### EXTRACTED RECORDS
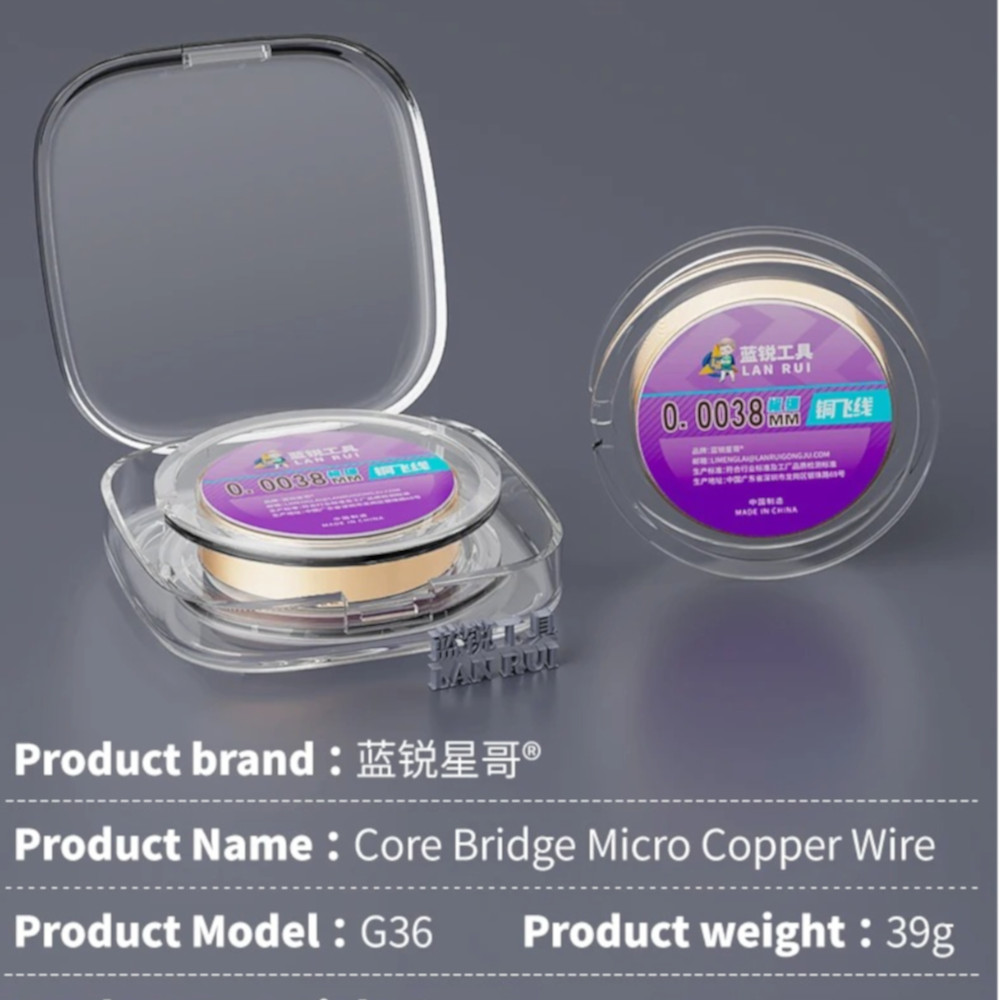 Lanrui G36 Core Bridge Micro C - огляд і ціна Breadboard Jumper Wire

---

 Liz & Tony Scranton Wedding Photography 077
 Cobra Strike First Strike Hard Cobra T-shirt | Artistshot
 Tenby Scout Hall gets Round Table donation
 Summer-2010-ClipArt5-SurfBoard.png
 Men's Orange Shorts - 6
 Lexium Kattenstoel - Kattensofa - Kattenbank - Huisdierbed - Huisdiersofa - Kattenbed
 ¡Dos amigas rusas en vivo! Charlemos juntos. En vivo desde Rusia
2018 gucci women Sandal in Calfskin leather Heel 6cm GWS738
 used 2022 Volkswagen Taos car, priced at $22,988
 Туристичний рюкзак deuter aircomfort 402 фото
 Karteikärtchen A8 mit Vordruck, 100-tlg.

---

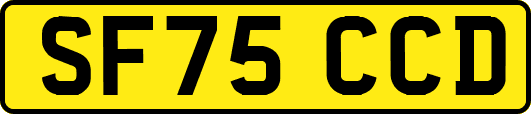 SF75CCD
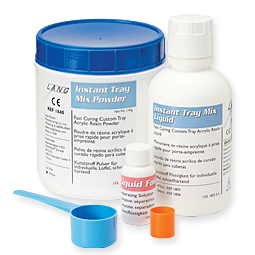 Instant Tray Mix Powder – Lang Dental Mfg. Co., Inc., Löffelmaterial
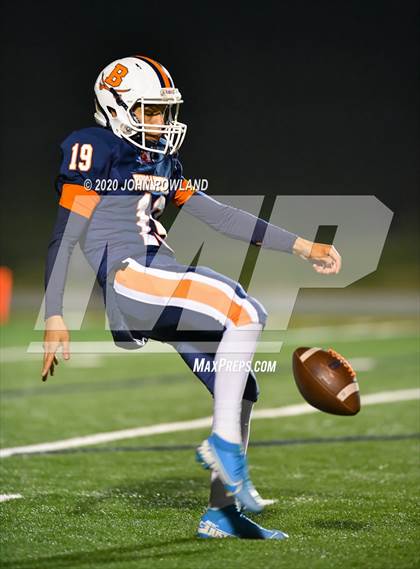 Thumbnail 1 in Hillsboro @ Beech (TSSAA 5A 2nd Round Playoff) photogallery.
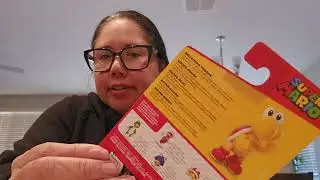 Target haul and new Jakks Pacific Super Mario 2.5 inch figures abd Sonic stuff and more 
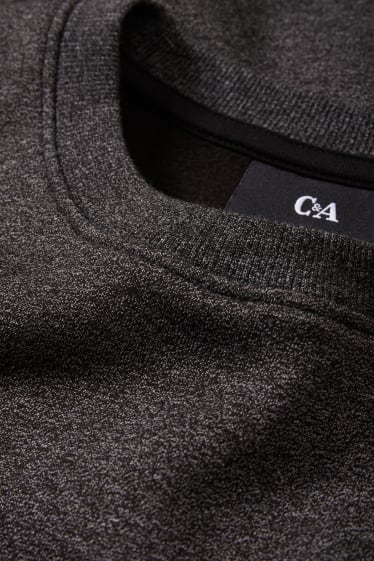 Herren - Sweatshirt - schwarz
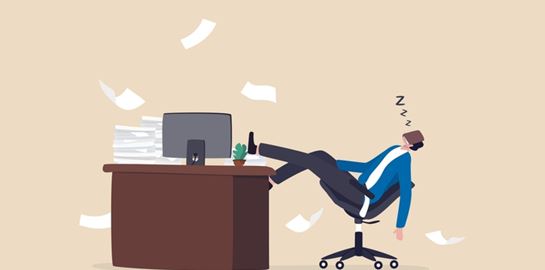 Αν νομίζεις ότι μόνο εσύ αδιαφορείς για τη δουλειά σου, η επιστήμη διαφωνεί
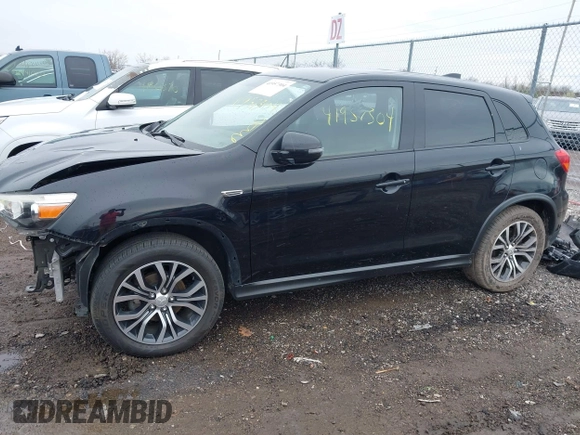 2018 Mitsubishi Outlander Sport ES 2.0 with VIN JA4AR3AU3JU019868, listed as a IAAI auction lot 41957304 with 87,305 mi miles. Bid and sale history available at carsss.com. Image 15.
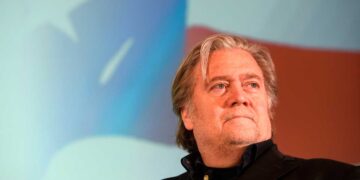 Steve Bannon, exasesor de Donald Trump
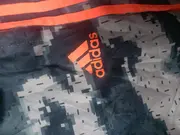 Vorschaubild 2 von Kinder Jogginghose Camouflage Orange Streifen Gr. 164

### AIM OF THE TASK
Reproduce the listing above only between the lines holding "Thumbnail 1 in" and "Vorschaubild 2 von", inclusive. Every line must match exactly, and pictures are dropped.

### ANSWER TO THIS EXERCISE
 Thumbnail 1 in Hillsboro @ Beech (TSSAA 5A 2nd Round Playoff) photogallery.
 Target haul and new Jakks Pacific Super Mario 2.5 inch figures abd Sonic stuff and more 
 Herren - Sweatshirt - schwarz
 Αν νομίζεις ότι μόνο εσύ αδιαφορείς για τη δουλειά σου, η επιστήμη διαφωνεί
 2018 Mitsubishi Outlander Sport ES 2.0 with VIN JA4AR3AU3JU019868, listed as a IAAI auction lot 41957304 with 87,305 mi miles. Bid and sale history available at carsss.com. Image 15.
 Steve Bannon, exasesor de Donald Trump
 Vorschaubild 2 von Kinder Jogginghose Camouflage Orange Streifen Gr. 164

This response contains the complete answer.